Effect of growth temperature on ether lipid biochemistry in Archaeoglobus fulgidus

Abstract

The archaea are distinguished by their unique isoprenoid ether lipids, which typically consist of the sn-2,3-diphytanylglycerol diether or sn-2,3-dibiphytanyldiglycerol tetraether core modified with a variety of polar headgroups. However, many hyperthermophilic archaea also synthesize tetraether lipids with up to four pentacyclic rings per 40-carbon chain, presumably to improve membrane thermal stability at temperatures up to approximately 110 degrees C. This study aimed to correlate the ratio of tetraether to diether core lipid, as well as the presence of pentacyclic groups in tetraether lipids, with growth temperature for the hyperthermophilic archaeon, Archaeoglobus fulgidus.

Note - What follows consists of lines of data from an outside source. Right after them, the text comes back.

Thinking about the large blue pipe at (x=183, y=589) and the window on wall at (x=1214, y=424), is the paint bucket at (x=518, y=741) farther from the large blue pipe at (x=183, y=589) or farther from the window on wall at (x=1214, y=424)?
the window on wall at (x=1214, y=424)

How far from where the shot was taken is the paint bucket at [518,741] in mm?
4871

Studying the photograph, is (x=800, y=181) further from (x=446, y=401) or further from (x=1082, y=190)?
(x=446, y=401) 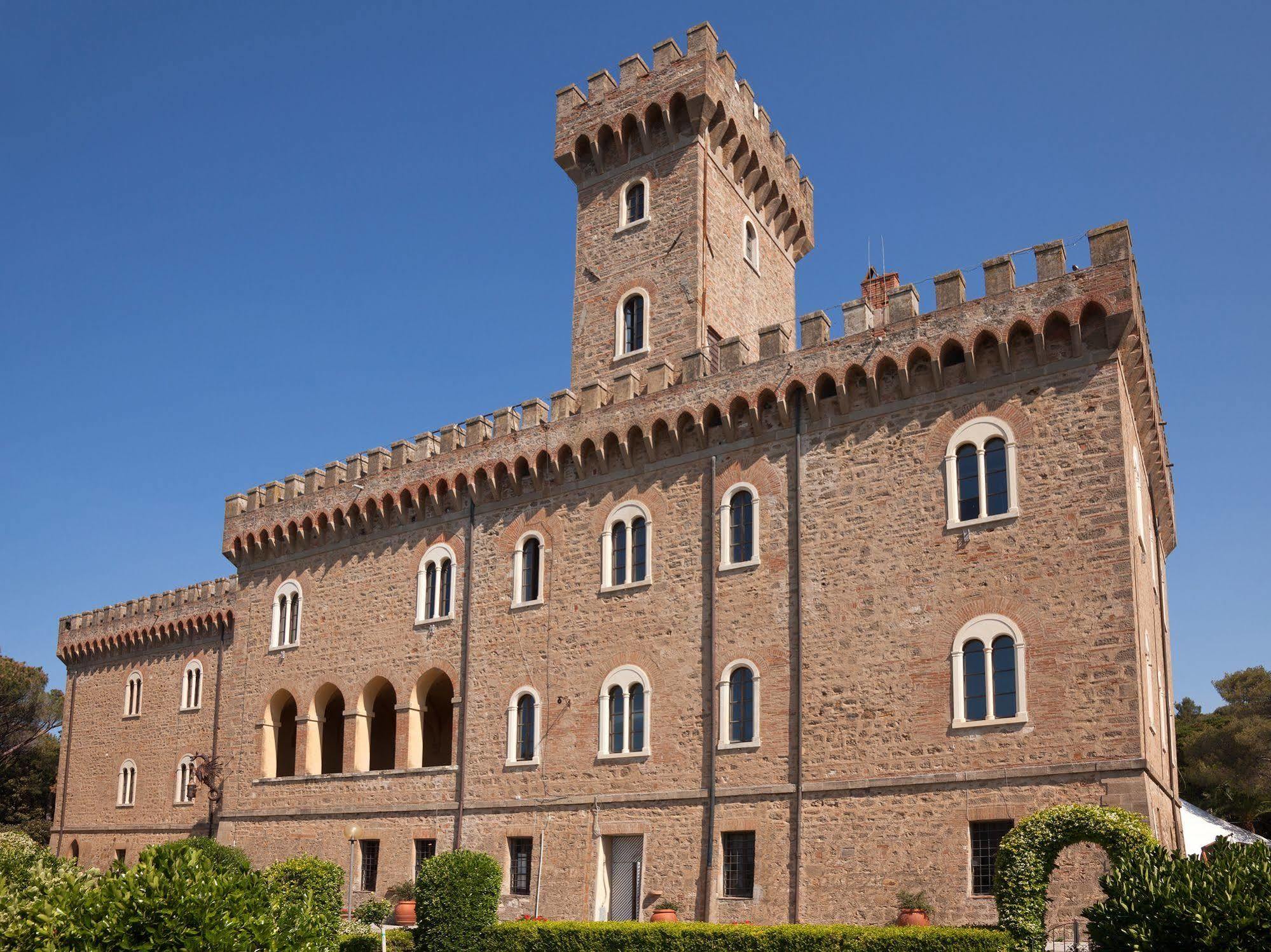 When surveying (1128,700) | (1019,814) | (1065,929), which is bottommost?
(1065,929)

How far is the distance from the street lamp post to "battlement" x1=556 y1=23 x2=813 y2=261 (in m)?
18.8

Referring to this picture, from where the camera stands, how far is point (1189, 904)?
1417cm

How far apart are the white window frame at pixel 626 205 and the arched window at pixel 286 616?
14.2m

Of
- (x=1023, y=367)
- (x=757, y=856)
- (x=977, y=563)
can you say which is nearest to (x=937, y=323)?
(x=1023, y=367)

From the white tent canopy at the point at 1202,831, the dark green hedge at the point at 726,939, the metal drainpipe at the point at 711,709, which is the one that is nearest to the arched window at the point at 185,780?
the dark green hedge at the point at 726,939

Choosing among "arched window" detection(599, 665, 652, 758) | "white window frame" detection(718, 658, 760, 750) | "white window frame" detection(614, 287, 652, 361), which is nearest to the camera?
"white window frame" detection(718, 658, 760, 750)

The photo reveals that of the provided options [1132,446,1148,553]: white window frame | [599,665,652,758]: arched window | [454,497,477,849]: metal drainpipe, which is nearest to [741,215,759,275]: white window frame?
[454,497,477,849]: metal drainpipe

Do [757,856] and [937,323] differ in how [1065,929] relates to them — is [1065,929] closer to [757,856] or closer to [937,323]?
[757,856]

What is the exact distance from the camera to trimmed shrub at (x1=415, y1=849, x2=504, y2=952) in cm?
2305

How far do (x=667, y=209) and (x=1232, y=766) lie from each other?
117 feet

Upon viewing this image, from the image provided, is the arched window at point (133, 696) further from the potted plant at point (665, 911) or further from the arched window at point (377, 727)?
the potted plant at point (665, 911)

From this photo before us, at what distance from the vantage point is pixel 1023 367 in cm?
2367

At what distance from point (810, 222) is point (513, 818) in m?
20.0

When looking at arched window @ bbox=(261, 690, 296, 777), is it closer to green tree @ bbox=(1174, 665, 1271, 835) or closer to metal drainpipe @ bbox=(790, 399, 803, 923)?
metal drainpipe @ bbox=(790, 399, 803, 923) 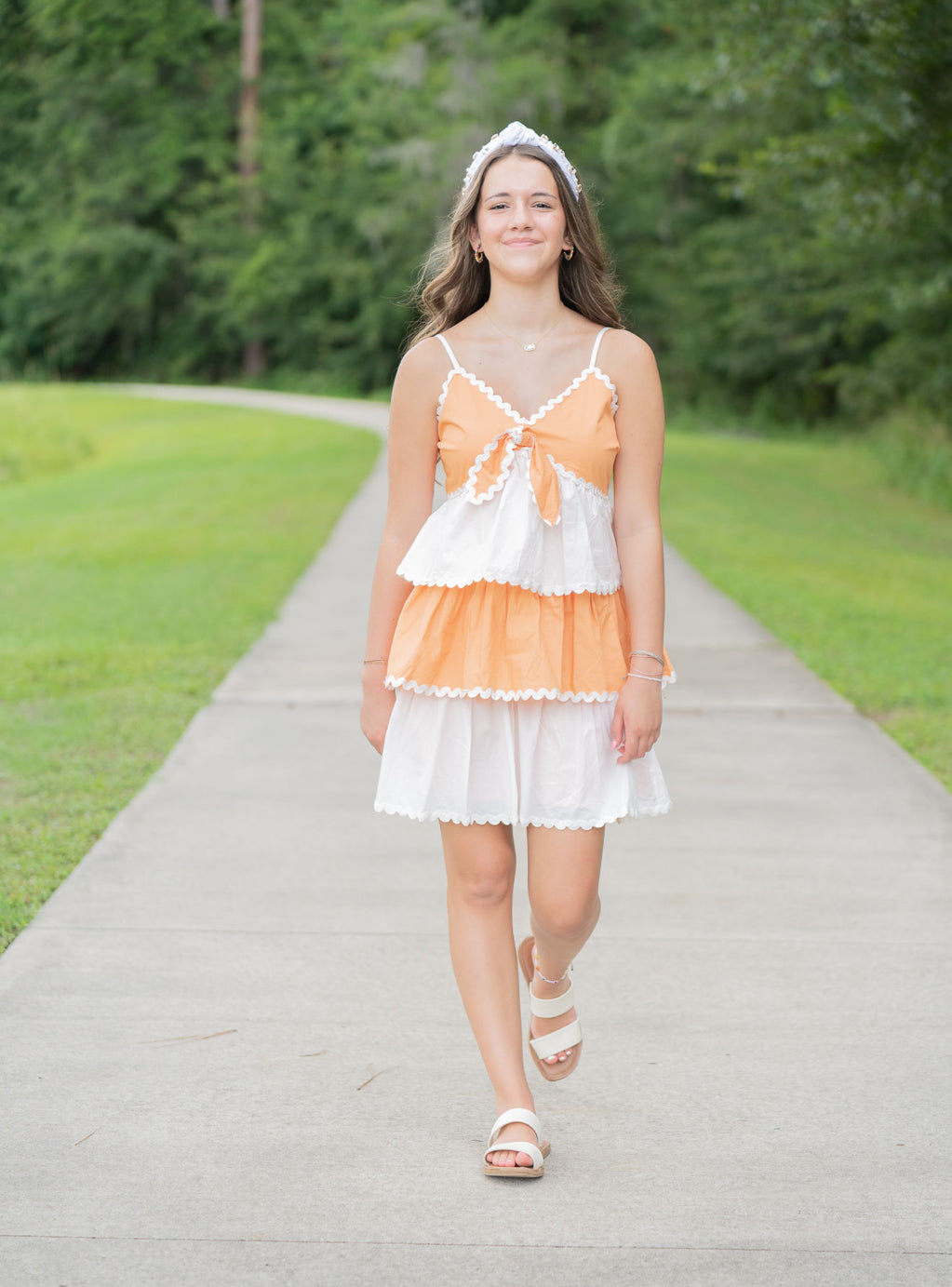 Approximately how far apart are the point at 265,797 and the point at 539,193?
3.12 m

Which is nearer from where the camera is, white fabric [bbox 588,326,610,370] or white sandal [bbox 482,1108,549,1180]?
white sandal [bbox 482,1108,549,1180]

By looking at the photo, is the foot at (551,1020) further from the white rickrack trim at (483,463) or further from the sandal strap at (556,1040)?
the white rickrack trim at (483,463)

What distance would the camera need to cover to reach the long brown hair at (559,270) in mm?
3168

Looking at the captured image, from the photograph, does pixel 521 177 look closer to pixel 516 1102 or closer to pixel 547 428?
pixel 547 428

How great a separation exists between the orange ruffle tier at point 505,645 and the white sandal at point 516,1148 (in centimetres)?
82

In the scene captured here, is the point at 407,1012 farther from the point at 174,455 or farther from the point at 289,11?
the point at 289,11

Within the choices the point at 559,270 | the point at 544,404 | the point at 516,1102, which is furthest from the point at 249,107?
the point at 516,1102

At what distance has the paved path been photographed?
2.74 metres

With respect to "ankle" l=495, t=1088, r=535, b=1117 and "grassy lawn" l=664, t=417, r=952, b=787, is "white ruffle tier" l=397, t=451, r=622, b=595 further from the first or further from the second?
"grassy lawn" l=664, t=417, r=952, b=787

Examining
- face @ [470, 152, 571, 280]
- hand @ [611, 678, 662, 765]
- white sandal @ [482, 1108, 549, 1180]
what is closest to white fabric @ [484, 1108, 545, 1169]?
white sandal @ [482, 1108, 549, 1180]

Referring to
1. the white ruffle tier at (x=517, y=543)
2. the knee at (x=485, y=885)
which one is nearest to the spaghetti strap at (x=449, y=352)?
the white ruffle tier at (x=517, y=543)

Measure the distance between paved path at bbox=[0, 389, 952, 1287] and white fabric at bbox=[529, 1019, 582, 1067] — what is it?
0.15m

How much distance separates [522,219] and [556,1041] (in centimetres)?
171

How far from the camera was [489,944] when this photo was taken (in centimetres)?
311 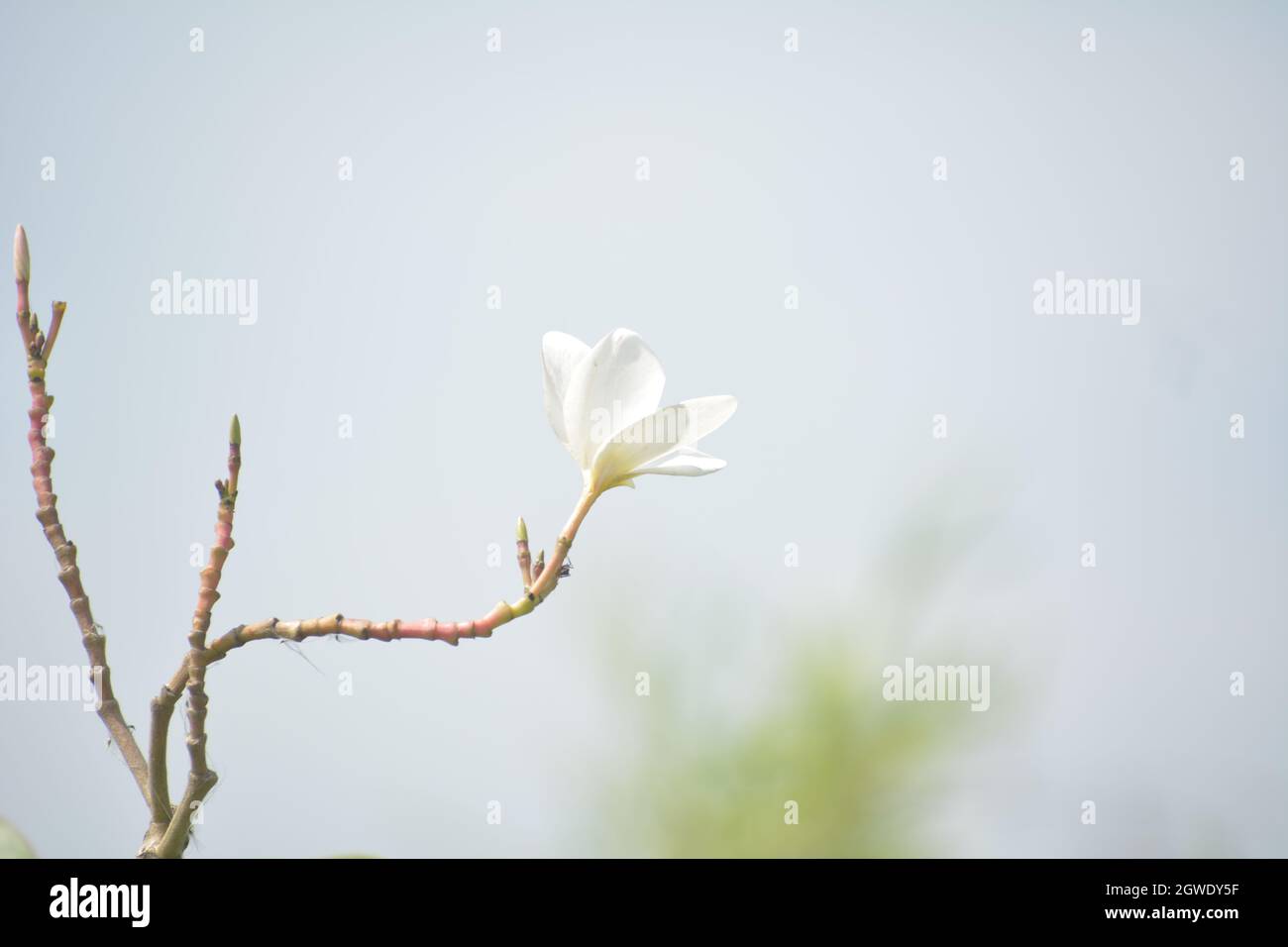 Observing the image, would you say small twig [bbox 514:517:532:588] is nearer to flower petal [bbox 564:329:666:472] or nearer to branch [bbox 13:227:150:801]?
flower petal [bbox 564:329:666:472]

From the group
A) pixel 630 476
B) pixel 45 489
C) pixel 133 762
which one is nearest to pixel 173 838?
pixel 133 762

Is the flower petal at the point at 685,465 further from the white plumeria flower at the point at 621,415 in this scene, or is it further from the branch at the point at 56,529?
the branch at the point at 56,529

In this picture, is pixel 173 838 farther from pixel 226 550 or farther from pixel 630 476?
pixel 630 476

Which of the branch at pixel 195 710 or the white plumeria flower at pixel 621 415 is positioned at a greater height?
the white plumeria flower at pixel 621 415

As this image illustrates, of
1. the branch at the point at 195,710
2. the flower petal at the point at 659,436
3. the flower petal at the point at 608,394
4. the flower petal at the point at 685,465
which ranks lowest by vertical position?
the branch at the point at 195,710

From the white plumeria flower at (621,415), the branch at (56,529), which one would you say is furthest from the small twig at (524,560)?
the branch at (56,529)

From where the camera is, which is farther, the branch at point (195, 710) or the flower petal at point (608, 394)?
the flower petal at point (608, 394)

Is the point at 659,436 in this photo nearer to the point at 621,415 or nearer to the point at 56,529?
the point at 621,415
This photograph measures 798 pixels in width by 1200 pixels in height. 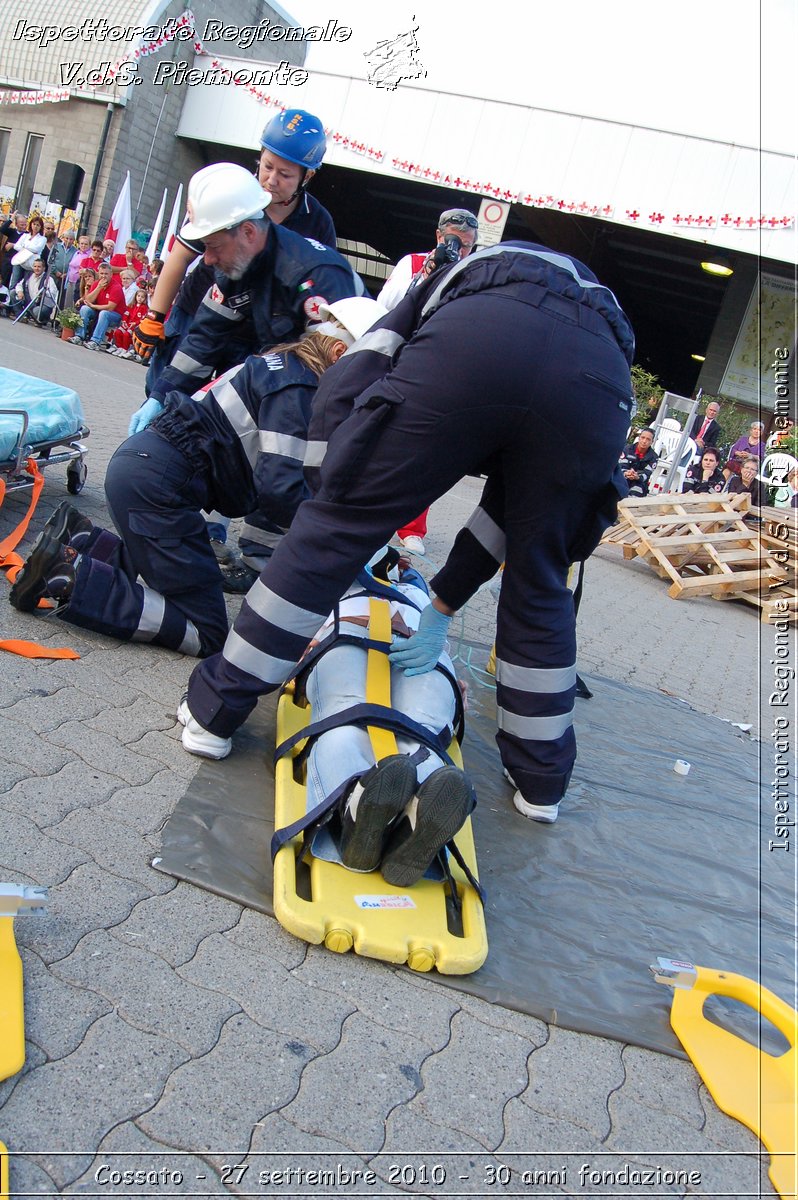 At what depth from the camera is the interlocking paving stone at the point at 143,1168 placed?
1.41 m

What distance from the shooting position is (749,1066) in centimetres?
212

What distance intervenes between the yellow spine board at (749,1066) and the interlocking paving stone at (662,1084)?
39 millimetres

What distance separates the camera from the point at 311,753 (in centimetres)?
255

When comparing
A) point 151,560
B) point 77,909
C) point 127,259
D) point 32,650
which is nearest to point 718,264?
point 127,259

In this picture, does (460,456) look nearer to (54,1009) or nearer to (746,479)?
(54,1009)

Analysis of the membrane core lipids of A. fulgidus using APCI-MS analysis revealed that the tetraether-to-diether lipid ratio increases from 0.3 +/- 0.1 for cultures grown at 70 degrees C to 0.9 +/- 0.1 for cultures grown at 89 degrees C. Thin-layer chromatography (TLC) followed by APCI-MS analysis provided evidence for no more than one pentacycle in the hydrocarbon chains of tetraether lipid from cultures grown at 70 degrees C and up to 2 pentacycles in the tetraether lipid from cultures grown at higher temperatures. Analysis of the polar lipid extract using TLC and negative-ion ESI-MS suggested the presence of diether and tetraether phospholipids with inositol, glycosyl, and ethanolamine headgroup chemistry.